Material provided.
——

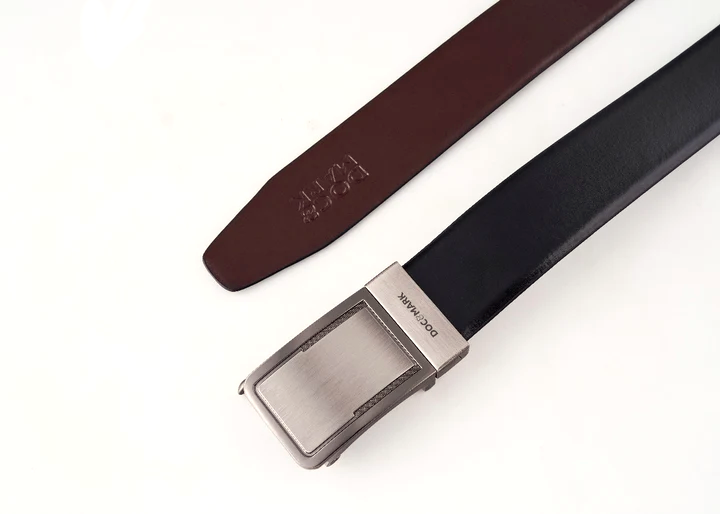 Premium Leather Men Auto Lock Turning Buckle Belt ALT67REV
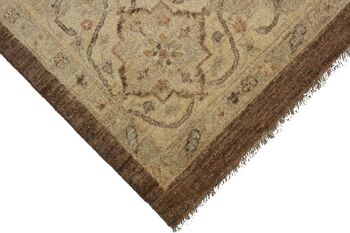 Tapis Afghan Chobi Ziegler 421x306 noué main 310x420 motif géométrique marron 2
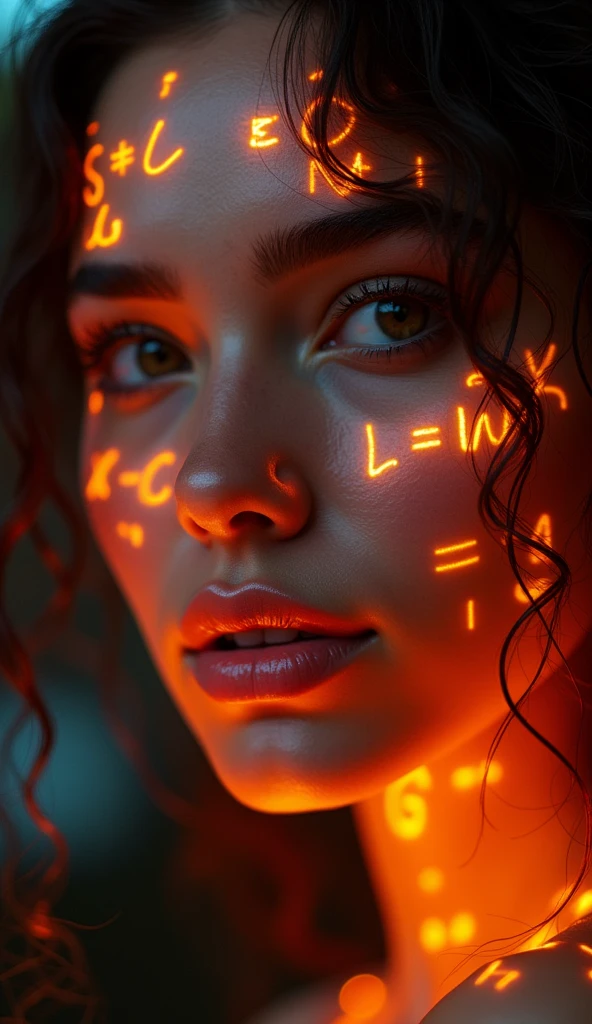 Latina woman face close-up,About 20 years old, Glowing orange holographic equations projected onto her skin. Strong gaze, Realistic features. Dark background, Cyberpunk aesthetics. Glowing math formulas, Handwriting style. Futuristic, High-tech atmosphere. Photorealistic rendering, Dramatic Lighting, In sharp contrast,Young and energetic, Charming model, (Exquisite eyes, Delicate lips), Show a bright smile, Create stunning girl images, Color Saturation Extreme Art, Extremely detailed CG, Unity 8K wallpaper, (High Dynamic Range :1.4), (Movie atmosphere),(Soft colors), (Natural skin texture, ultra-practical, Soft Light, sharp),(Very detailed),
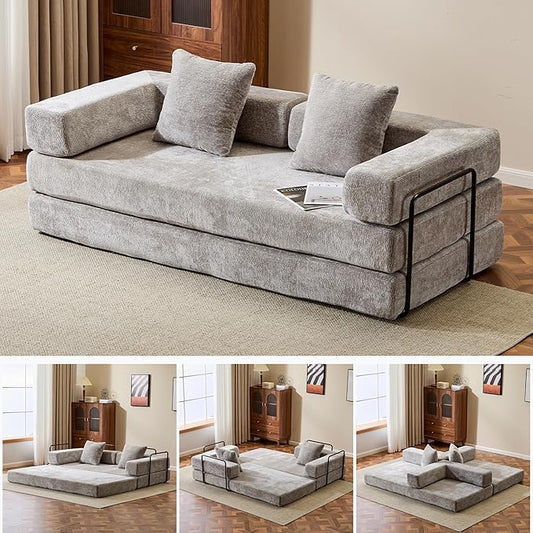 Folding Convertible Sofa Bed 4-in-1 Boneless Couch Sleeper Sofa 76.8'' Chenille Foldable Mattress Couch with Fixed-Shape Frame Floor Sofas Modular Futon Couches for Living Room Light Grey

——

Exercise objective. Only those lines from the one containing "Latina woman face" to the end of the material above, retyped exactly and without pictures, belong in your reply.

Answer to this problem.
 Latina woman face close-up,About 20 years old, Glowing orange holographic equations projected onto her skin. Strong gaze, Realistic features. Dark background, Cyberpunk aesthetics. Glowing math formulas, Handwriting style. Futuristic, High-tech atmosphere. Photorealistic rendering, Dramatic Lighting, In sharp contrast,Young and energetic, Charming model, (Exquisite eyes, Delicate lips), Show a bright smile, Create stunning girl images, Color Saturation Extreme Art, Extremely detailed CG, Unity 8K wallpaper, (High Dynamic Range :1.4), (Movie atmosphere),(Soft colors), (Natural skin texture, ultra-practical, Soft Light, sharp),(Very detailed),
 Folding Convertible Sofa Bed 4-in-1 Boneless Couch Sleeper Sofa 76.8'' Chenille Foldable Mattress Couch with Fixed-Shape Frame Floor Sofas Modular Futon Couches for Living Room Light Grey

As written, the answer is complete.